What needs to be done = Locate the line that contains "A white ceramic" in the entries below, then repeat it and every following line through the line that contains "an old chest", exactly, and no others.

Data records:
+ + +
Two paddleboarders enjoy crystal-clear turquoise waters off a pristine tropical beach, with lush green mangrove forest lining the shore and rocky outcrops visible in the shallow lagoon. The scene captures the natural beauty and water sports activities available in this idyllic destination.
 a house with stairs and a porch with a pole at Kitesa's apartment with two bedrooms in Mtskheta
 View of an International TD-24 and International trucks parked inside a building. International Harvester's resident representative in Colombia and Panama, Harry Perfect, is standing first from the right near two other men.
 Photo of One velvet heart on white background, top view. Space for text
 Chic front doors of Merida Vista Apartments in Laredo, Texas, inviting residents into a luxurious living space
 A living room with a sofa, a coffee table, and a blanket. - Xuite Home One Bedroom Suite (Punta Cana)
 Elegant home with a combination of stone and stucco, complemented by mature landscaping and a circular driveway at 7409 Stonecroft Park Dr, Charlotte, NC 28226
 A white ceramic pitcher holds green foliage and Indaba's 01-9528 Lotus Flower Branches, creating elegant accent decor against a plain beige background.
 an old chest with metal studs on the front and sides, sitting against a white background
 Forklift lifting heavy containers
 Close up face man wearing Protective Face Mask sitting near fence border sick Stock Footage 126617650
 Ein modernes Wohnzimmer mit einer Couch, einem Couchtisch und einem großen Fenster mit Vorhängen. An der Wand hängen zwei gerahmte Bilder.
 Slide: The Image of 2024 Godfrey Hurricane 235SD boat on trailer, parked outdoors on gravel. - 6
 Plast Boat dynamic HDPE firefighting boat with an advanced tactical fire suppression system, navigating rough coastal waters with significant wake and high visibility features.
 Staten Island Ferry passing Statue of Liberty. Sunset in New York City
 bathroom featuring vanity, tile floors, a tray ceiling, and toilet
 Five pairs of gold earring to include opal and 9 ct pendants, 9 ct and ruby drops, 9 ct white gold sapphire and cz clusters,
+ + +
Answer area =
 A white ceramic pitcher holds green foliage and Indaba's 01-9528 Lotus Flower Branches, creating elegant accent decor against a plain beige background.
 an old chest with metal studs on the front and sides, sitting against a white background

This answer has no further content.